(Source data)

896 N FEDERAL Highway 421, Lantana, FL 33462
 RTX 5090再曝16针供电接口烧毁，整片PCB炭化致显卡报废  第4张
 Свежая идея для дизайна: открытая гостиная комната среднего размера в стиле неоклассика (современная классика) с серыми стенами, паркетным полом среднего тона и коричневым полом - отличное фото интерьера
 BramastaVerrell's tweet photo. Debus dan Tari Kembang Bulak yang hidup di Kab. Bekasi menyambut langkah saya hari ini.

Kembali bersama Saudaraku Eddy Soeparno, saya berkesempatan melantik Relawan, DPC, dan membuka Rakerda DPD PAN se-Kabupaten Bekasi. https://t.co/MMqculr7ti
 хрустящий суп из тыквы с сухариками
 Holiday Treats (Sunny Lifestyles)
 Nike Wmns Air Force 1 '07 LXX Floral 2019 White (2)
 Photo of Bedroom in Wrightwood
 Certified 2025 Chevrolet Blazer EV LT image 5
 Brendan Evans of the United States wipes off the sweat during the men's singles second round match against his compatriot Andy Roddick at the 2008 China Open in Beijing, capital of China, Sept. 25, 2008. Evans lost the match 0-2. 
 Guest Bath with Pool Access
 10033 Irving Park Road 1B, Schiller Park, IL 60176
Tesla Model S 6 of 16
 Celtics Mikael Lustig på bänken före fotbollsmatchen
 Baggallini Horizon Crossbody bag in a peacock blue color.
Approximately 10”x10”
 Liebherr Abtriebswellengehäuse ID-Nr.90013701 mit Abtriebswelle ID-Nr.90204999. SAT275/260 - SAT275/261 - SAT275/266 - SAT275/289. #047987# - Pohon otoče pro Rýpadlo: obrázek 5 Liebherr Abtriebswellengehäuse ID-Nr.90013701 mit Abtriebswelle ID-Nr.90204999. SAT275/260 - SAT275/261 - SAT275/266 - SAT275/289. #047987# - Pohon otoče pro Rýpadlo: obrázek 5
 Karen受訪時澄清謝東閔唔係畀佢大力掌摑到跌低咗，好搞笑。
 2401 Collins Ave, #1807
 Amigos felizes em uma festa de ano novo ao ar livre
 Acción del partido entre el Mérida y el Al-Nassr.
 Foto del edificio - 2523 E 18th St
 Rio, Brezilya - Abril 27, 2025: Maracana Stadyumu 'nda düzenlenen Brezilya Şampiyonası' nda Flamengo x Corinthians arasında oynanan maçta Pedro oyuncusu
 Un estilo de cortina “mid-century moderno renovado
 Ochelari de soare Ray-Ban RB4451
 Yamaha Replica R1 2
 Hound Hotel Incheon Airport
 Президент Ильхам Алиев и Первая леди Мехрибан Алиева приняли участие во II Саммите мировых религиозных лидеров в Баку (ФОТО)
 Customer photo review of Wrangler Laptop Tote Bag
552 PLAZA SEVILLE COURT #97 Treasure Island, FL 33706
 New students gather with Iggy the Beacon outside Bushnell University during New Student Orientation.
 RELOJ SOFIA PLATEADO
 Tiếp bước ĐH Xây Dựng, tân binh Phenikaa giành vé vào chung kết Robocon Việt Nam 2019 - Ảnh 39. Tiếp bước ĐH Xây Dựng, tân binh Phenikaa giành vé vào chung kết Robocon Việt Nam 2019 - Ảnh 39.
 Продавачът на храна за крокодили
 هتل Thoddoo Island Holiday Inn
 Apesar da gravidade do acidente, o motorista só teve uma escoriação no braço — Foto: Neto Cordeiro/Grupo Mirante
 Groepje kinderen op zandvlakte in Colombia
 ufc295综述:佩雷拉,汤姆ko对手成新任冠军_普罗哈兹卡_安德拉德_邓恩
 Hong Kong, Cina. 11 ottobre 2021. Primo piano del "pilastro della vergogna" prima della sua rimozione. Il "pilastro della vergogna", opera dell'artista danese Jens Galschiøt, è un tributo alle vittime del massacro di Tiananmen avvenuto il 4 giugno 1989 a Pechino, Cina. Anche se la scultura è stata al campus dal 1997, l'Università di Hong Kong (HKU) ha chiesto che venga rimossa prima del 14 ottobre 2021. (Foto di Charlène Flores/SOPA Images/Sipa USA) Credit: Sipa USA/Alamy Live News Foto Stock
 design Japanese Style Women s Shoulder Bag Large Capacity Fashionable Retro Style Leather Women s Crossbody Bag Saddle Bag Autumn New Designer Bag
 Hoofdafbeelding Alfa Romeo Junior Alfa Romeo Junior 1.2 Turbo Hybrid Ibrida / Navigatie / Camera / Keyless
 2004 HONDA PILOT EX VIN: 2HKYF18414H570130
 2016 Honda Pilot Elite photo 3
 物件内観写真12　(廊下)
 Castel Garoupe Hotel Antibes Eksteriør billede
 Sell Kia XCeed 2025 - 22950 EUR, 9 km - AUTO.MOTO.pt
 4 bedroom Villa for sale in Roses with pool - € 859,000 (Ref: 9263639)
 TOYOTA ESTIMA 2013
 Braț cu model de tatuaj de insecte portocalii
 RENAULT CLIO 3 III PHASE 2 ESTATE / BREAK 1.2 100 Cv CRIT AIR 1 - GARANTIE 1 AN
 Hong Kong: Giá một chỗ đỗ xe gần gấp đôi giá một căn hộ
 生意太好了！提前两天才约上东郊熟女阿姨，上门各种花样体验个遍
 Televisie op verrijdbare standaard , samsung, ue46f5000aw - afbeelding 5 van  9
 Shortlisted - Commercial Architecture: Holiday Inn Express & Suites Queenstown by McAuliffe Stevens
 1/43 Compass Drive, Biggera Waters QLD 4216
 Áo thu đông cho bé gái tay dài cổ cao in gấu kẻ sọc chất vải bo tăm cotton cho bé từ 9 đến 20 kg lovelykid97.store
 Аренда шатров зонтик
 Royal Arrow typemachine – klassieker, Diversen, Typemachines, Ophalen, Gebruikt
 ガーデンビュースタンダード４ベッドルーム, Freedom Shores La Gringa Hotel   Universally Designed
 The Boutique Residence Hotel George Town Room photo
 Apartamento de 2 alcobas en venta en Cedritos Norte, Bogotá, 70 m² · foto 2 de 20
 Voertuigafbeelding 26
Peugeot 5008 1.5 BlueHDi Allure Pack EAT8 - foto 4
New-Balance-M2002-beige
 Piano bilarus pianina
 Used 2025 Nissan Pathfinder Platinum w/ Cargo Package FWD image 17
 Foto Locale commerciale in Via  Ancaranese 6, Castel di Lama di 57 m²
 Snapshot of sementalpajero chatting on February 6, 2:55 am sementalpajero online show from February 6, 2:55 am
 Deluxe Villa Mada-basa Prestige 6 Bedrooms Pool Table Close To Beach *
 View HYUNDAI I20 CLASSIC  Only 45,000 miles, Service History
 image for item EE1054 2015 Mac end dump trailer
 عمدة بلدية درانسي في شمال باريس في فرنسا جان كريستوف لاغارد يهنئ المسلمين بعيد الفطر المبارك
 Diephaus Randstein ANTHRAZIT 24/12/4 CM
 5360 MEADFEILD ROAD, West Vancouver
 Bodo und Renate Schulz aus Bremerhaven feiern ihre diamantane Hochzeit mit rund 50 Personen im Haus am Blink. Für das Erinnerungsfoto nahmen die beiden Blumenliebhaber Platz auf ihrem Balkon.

(End Source data)

--- Work request ---
Copy each entry exactly, with nothing added or dropped.

--- Task response ---
896 N FEDERAL Highway 421, Lantana, FL 33462
 RTX 5090再曝16针供电接口烧毁，整片PCB炭化致显卡报废  第4张
 Свежая идея для дизайна: открытая гостиная комната среднего размера в стиле неоклассика (современная классика) с серыми стенами, паркетным полом среднего тона и коричневым полом - отличное фото интерьера
 BramastaVerrell's tweet photo. Debus dan Tari Kembang Bulak yang hidup di Kab. Bekasi menyambut langkah saya hari ini.

Kembali bersama Saudaraku Eddy Soeparno, saya berkesempatan melantik Relawan, DPC, dan membuka Rakerda DPD PAN se-Kabupaten Bekasi. https://t.co/MMqculr7ti
 хрустящий суп из тыквы с сухариками
 Holiday Treats (Sunny Lifestyles)
 Nike Wmns Air Force 1 '07 LXX Floral 2019 White (2)
 Photo of Bedroom in Wrightwood
 Certified 2025 Chevrolet Blazer EV LT image 5
 Brendan Evans of the United States wipes off the sweat during the men's singles second round match against his compatriot Andy Roddick at the 2008 China Open in Beijing, capital of China, Sept. 25, 2008. Evans lost the match 0-2. 
 Guest Bath with Pool Access
 10033 Irving Park Road 1B, Schiller Park, IL 60176
Tesla Model S 6 of 16
 Celtics Mikael Lustig på bänken före fotbollsmatchen
 Baggallini Horizon Crossbody bag in a peacock blue color.
Approximately 10”x10”
 Liebherr Abtriebswellengehäuse ID-Nr.90013701 mit Abtriebswelle ID-Nr.90204999. SAT275/260 - SAT275/261 - SAT275/266 - SAT275/289. #047987# - Pohon otoče pro Rýpadlo: obrázek 5 Liebherr Abtriebswellengehäuse ID-Nr.90013701 mit Abtriebswelle ID-Nr.90204999. SAT275/260 - SAT275/261 - SAT275/266 - SAT275/289. #047987# - Pohon otoče pro Rýpadlo: obrázek 5
 Karen受訪時澄清謝東閔唔係畀佢大力掌摑到跌低咗，好搞笑。
 2401 Collins Ave, #1807
 Amigos felizes em uma festa de ano novo ao ar livre
 Acción del partido entre el Mérida y el Al-Nassr.
 Foto del edificio - 2523 E 18th St
 Rio, Brezilya - Abril 27, 2025: Maracana Stadyumu 'nda düzenlenen Brezilya Şampiyonası' nda Flamengo x Corinthians arasında oynanan maçta Pedro oyuncusu
 Un estilo de cortina “mid-century moderno renovado
 Ochelari de soare Ray-Ban RB4451
 Yamaha Replica R1 2
 Hound Hotel Incheon Airport
 Президент Ильхам Алиев и Первая леди Мехрибан Алиева приняли участие во II Саммите мировых религиозных лидеров в Баку (ФОТО)
 Customer photo review of Wrangler Laptop Tote Bag
552 PLAZA SEVILLE COURT #97 Treasure Island, FL 33706
 New students gather with Iggy the Beacon outside Bushnell University during New Student Orientation.
 RELOJ SOFIA PLATEADO
 Tiếp bước ĐH Xây Dựng, tân binh Phenikaa giành vé vào chung kết Robocon Việt Nam 2019 - Ảnh 39. Tiếp bước ĐH Xây Dựng, tân binh Phenikaa giành vé vào chung kết Robocon Việt Nam 2019 - Ảnh 39.
 Продавачът на храна за крокодили
 هتل Thoddoo Island Holiday Inn
 Apesar da gravidade do acidente, o motorista só teve uma escoriação no braço — Foto: Neto Cordeiro/Grupo Mirante
 Groepje kinderen op zandvlakte in Colombia
 ufc295综述:佩雷拉,汤姆ko对手成新任冠军_普罗哈兹卡_安德拉德_邓恩
 Hong Kong, Cina. 11 ottobre 2021. Primo piano del "pilastro della vergogna" prima della sua rimozione. Il "pilastro della vergogna", opera dell'artista danese Jens Galschiøt, è un tributo alle vittime del massacro di Tiananmen avvenuto il 4 giugno 1989 a Pechino, Cina. Anche se la scultura è stata al campus dal 1997, l'Università di Hong Kong (HKU) ha chiesto che venga rimossa prima del 14 ottobre 2021. (Foto di Charlène Flores/SOPA Images/Sipa USA) Credit: Sipa USA/Alamy Live News Foto Stock
 design Japanese Style Women s Shoulder Bag Large Capacity Fashionable Retro Style Leather Women s Crossbody Bag Saddle Bag Autumn New Designer Bag
 Hoofdafbeelding Alfa Romeo Junior Alfa Romeo Junior 1.2 Turbo Hybrid Ibrida / Navigatie / Camera / Keyless
 2004 HONDA PILOT EX VIN: 2HKYF18414H570130
 2016 Honda Pilot Elite photo 3
 物件内観写真12　(廊下)
 Castel Garoupe Hotel Antibes Eksteriør billede
 Sell Kia XCeed 2025 - 22950 EUR, 9 km - AUTO.MOTO.pt
 4 bedroom Villa for sale in Roses with pool - € 859,000 (Ref: 9263639)
 TOYOTA ESTIMA 2013
 Braț cu model de tatuaj de insecte portocalii
 RENAULT CLIO 3 III PHASE 2 ESTATE / BREAK 1.2 100 Cv CRIT AIR 1 - GARANTIE 1 AN
 Hong Kong: Giá một chỗ đỗ xe gần gấp đôi giá một căn hộ
 生意太好了！提前两天才约上东郊熟女阿姨，上门各种花样体验个遍
 Televisie op verrijdbare standaard , samsung, ue46f5000aw - afbeelding 5 van  9
 Shortlisted - Commercial Architecture: Holiday Inn Express & Suites Queenstown by McAuliffe Stevens
 1/43 Compass Drive, Biggera Waters QLD 4216
 Áo thu đông cho bé gái tay dài cổ cao in gấu kẻ sọc chất vải bo tăm cotton cho bé từ 9 đến 20 kg lovelykid97.store
 Аренда шатров зонтик
 Royal Arrow typemachine – klassieker, Diversen, Typemachines, Ophalen, Gebruikt
 ガーデンビュースタンダード４ベッドルーム, Freedom Shores La Gringa Hotel   Universally Designed
 The Boutique Residence Hotel George Town Room photo
 Apartamento de 2 alcobas en venta en Cedritos Norte, Bogotá, 70 m² · foto 2 de 20
 Voertuigafbeelding 26
Peugeot 5008 1.5 BlueHDi Allure Pack EAT8 - foto 4
New-Balance-M2002-beige
 Piano bilarus pianina
 Used 2025 Nissan Pathfinder Platinum w/ Cargo Package FWD image 17
 Foto Locale commerciale in Via  Ancaranese 6, Castel di Lama di 57 m²
 Snapshot of sementalpajero chatting on February 6, 2:55 am sementalpajero online show from February 6, 2:55 am
 Deluxe Villa Mada-basa Prestige 6 Bedrooms Pool Table Close To Beach *
 View HYUNDAI I20 CLASSIC  Only 45,000 miles, Service History
 image for item EE1054 2015 Mac end dump trailer
 عمدة بلدية درانسي في شمال باريس في فرنسا جان كريستوف لاغارد يهنئ المسلمين بعيد الفطر المبارك
 Diephaus Randstein ANTHRAZIT 24/12/4 CM
 5360 MEADFEILD ROAD, West Vancouver
 Bodo und Renate Schulz aus Bremerhaven feiern ihre diamantane Hochzeit mit rund 50 Personen im Haus am Blink. Für das Erinnerungsfoto nahmen die beiden Blumenliebhaber Platz auf ihrem Balkon.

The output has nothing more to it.